Hello
I try to understand the rspamd config in Yunohost and Freedombox. Both projects had left this part mostly untouched. Changes made looks inspired by internet tutorials without fully understanding (may be I’m wrong).
As a sysadmin, I allways begin with documentation. Comparing documentation and current Yunohost config, left me doubts and questions. So I would like to work on this, contributing at least basic doc for users.
(comme c’est technique, est-ce que c’est mieux d’en parler en français ?)
First of all : why did you put additional config files into /etc/rspamd/local.d/ directory ?
local.d and override.d are directories for sysadmin changes not for distro changes (local is for small changes and override for whole config file). Now, if a sysadmin change values in these config files, they will be overwritten at package update.
Why did Yunohost changes “reject” actions threshold (rspamd/local.d/metrics.conf)?
Comparing Debian and Rspamd debs package, I don’t find significative differences against selected modules and their config. Both packages share the same default value for reject threshold (15).
A higher value doesn’t make sense if modules selection and modules config is not changed.
BTW metrics.conf is obsolete (see note inside rspamd/metrics.conf), actions.conf is the right file to use.
AFAIK the milter-headers.conf file define in yunohost repository is not installed — at least I didn’t find it in the scripts (in /hooks) nor on my server. Without this file, rspamd can’t inform user that an email is potentialy a spam.
Not sure if that helps a lot, but I think generally speaking, our rspamd configuration hasnt been really maintained by anybody in the last 4~5 years. Personally I do not have any real experience maintaining such a software and don’t really understand the algorithms or workflows used by such software. If you want to work on this, and assuming you sort of know what you’re doing, I would suggest you just trash our current config and start from scratch ? If I remember correctly, there’s also a new major version of rspamd in Bullseye so it probably make more sense to work on that new version instead of the old one.
Feel free to join us during contributor meeting or on our dev chat on matrix.
We can discuss about this things, but as Aleks explained we have not a lot of knowledge on rspamd.
@Aleks@ljf I have started the work in a dedicated branch. I will add explanations to each changes.
I keep Rspamd default as much as is, adding config options (in main files, to let user customize as he need) only for Postfix and Dovecot integration, allowing auto-learning through Spam folder. This config assume that Yunohost is used for personal or small teams only, with free RBL services. Commercial and hosting use would need paid RBL and autolearning on Spam folder disabled.
While I am not an expert, I owned a hosting company in the 90’s and I understand a bit how spam fighting work
I’ve started to briefly document the base parameters, some of them are missing in the docs but can be easily found in Rspamd source. Purpose is to produce some maintainer documentation about Rspamd interaction with Postfix and Dovecot. Also, there params could be changed if Yunohost is used in more than a family server.

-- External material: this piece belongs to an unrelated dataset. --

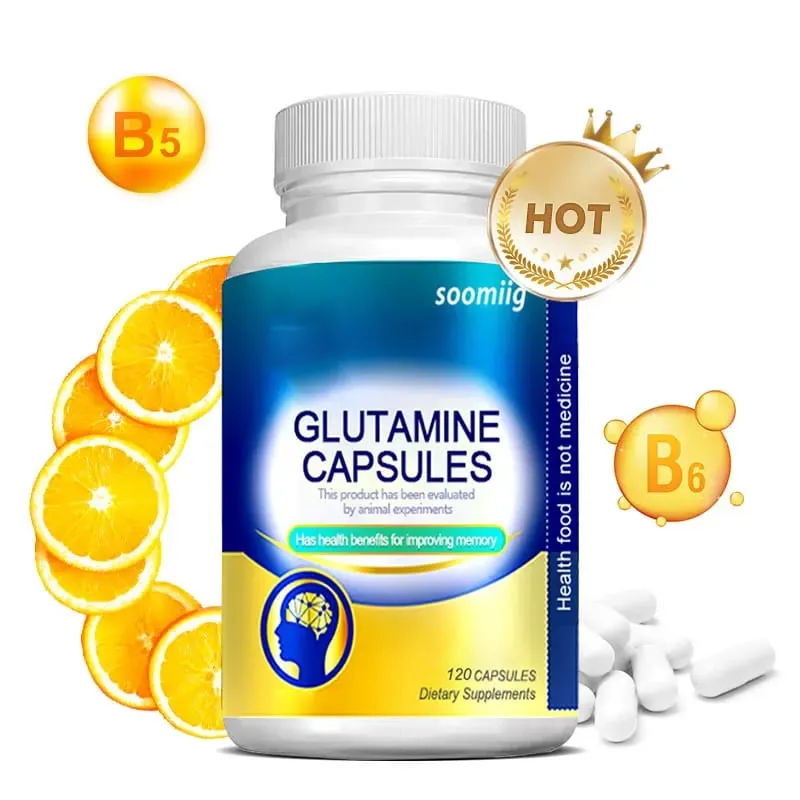 L-Glutamine - Supports Digestive Gut Health and Promotes Muscle Growth and Recovery Improves Immunity - 120 Capsules — image 1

I’ve also nearly finished the base configuration of Rspamd-Postfix-Dovecot interaction.
Spam fighting is another subject. In my opinion, some things can be done quickly:
Rspamd defines around 600 parameters to calculate a spam probability. Unexperimented users are not supposed to play with them. Understanding the main ones and how the spam threshold score can be changed to catch with common situations can result in usable sample configs.
While Rspamd web interface is undocumented, its purpose is to help user to catch again spam. Currently it need some love to fully work in Yunohost. And of course it need to be documented.
Rspamd use of external RBL. AFAIK, none of them is free and user must pay for them as soon as it use a lot of resources. It need to be checked and documented.
I will push my changes on Github and let you know. We can work on my branch and discuss here to keep track of this work (similarily, it is better to discuss in english, even if we both speak french).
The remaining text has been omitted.